When a question from the audience asked how the trucking industry views the intermodal port, Lafevers said that five years ago, they went before a state Senate Committee hearing on the port and a representative from the Georgia Motor Trucking Association was there in support of the project.

“Trucks dispatched to Savannah can often face gate waits of four or five hours and the same wait to get back out. That’s a day wasted sitting over there. Send that same truck to Cordele, and he’s in and out in 30 minutes.

“As this thing grows and develops it really creates another opportunity for trucks.”

How will Sumter County draw industry and jobs from something in Cordele?

Lafevers compares it to an earthquake epicenter which radiates energy out in rings.

“Cordele will be the hot spot for those people who are high volume,  rapid speed users of the port. Those folks will want to be as close to the facility as they can possibly be, but that doesn’t mean that everybody who comes in there needs to be sitting in the back yard.

“What I told the folks in Sumter County here who cut the deals and try to run people down, there’s a lot of cases that if they have a choice between Cordele-Crisp County and Sumter County, it’ll really come down to whoever makes them a better deal because it’s not imperative that they’re sitting right in there.”

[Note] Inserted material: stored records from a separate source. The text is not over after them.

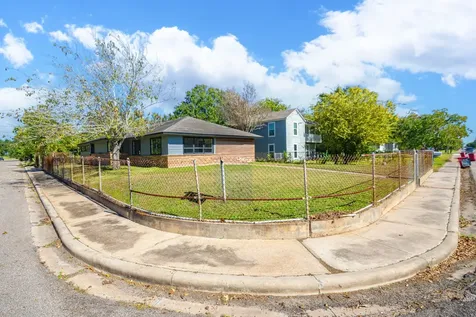 1230 W 4th Street Freeport TX 77541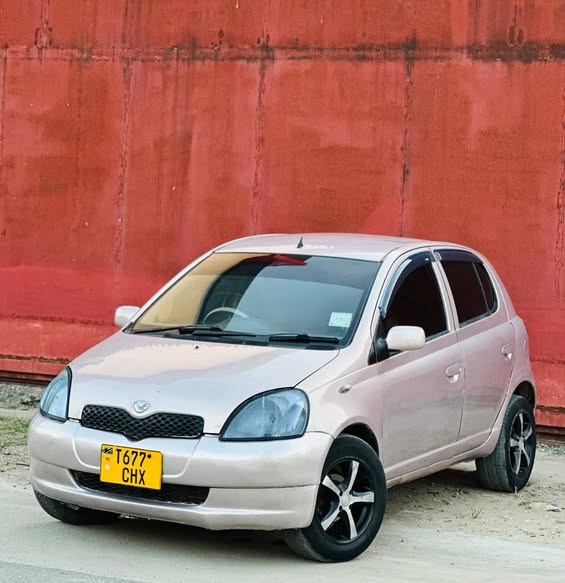 A picture of VITZ OLD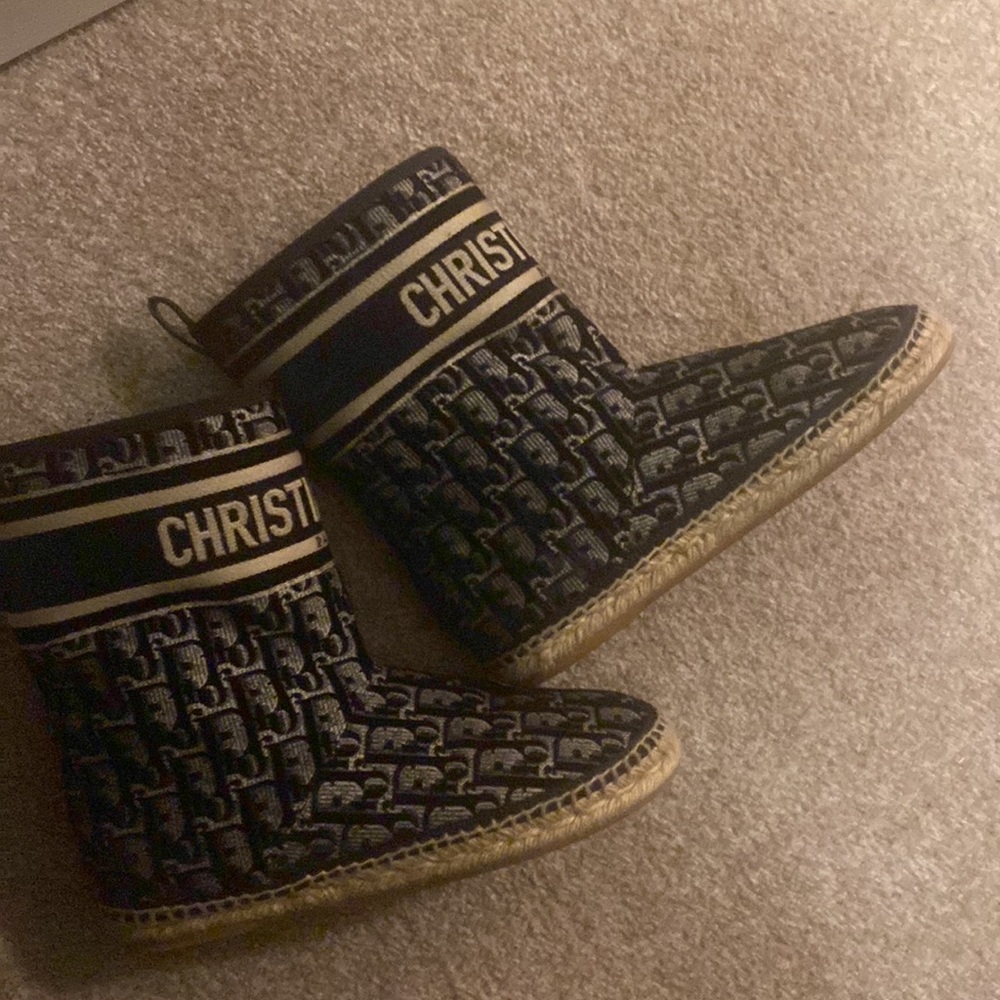 Wore a few times authentic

Lafevers looks forward to the future.

“As this thing grows regionally, you’ll see the roll-out impact of this over time. It won’t be immediate but the way to view this is that once the impetus for this area  — one year, five years, 10 years,  20 years down the road — there will be regional job growth. You start to build a better tax base in a region again, it just rolls out and spreads out. Crisp and Sumter counties have formed a joint development authority. These are great buzz words when you go looking for grants. Any time you bring in more than one entity it just makes it a whole lot easier to qualify for grant money.”

Lafevers shared data from a study done by Georgia Tech on what it takes to haul a container round-trip from Savannah into Early County versus bringing it 190 miles inland by rail ,then round tripping it off the rail head. The latter method has economic benefits.

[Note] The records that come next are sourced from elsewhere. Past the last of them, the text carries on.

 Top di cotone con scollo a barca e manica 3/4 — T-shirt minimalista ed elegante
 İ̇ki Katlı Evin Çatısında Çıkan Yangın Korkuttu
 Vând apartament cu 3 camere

“If you go back further east, it doesn’t work,” he said. “Once you start getting further north, even some of those counties like Carroll County, that’s probably fairly marginal savings because you’re about to bump up against all the Atlanta terminals.”

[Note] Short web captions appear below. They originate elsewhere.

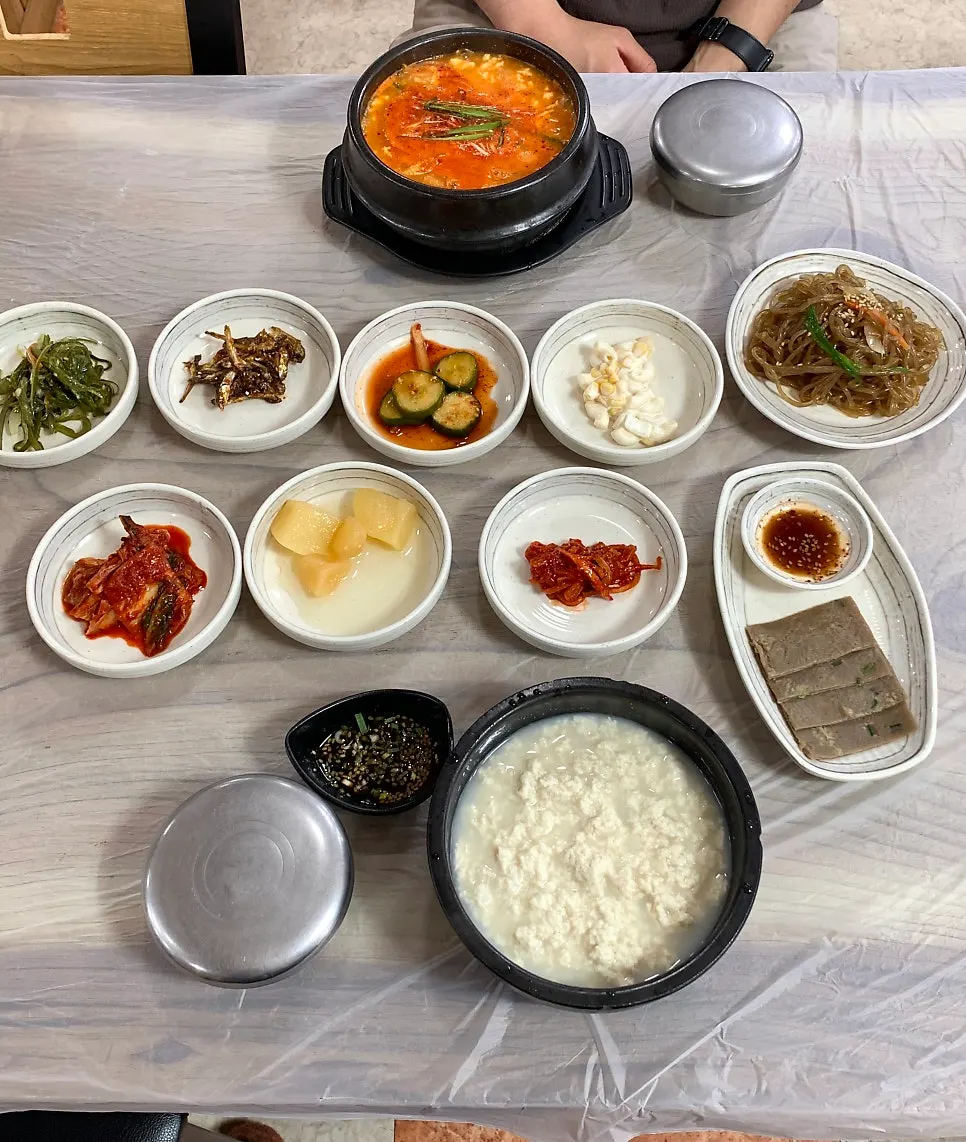 Table set with Chodang sundubu and haemul jjamppong sundubu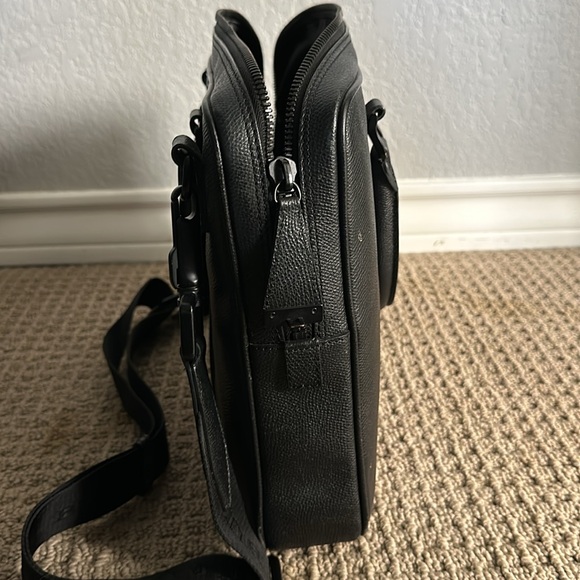 BURBERRY black leather LAPTOP BAG 11X14.5X2.5 in - Picture 10 of 14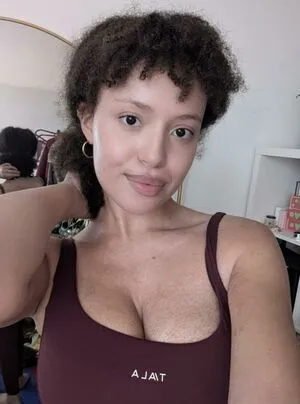 Amymoretsele OnlyFans Leaked Free Thumbnail Picture - #cQJbM0uMBS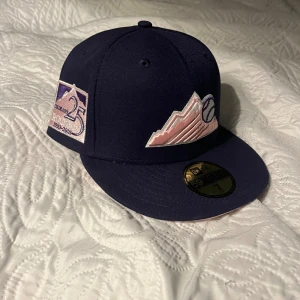 59fifty fitted  - Testad en gång så i princip helt ny. Kostade $85. Tar byten 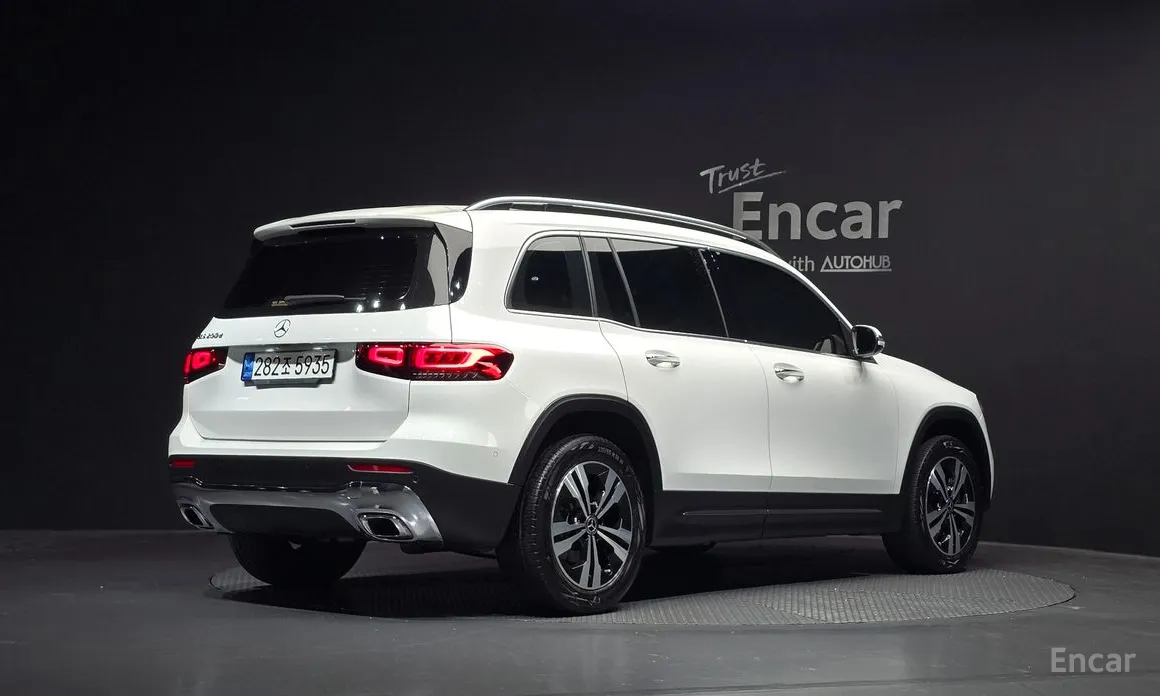 Mercedes-Benz GLB-Class 2020 GLB200 d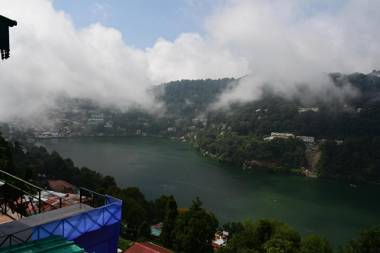 Nainital Hives Nature's Sprout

Lafevers said the Port of Savannah has the ability to tap a new market by utilizing this intermodal port facility.

“Containers that they’re currently losing to Mobile or to some other port can be worked back to Savannah with this port. Savannah has been a great help in getting this project.”

Among the intermodal port’s current customers and those they’re lining up are Mulcoa (kaolin), Big Tex Trailers in Cordele (1,500 container loads of tires each year), frozen food and refrigerated food.

“The bigger element is what we talked about in terms of economic development — there are two or three substantial companies in the pipeline who are currently looking a Crisp County-Cordele. Some of those will be hundreds of jobs. The wheels are starting to turn in that direction. There have been a lot of people frankly looking over the fence to see if this thing was going to work. It has been a little bit of an arduous situation at times to get it to the point where we are, but we are running trains now and things are going well. We’re excited to be where we are.”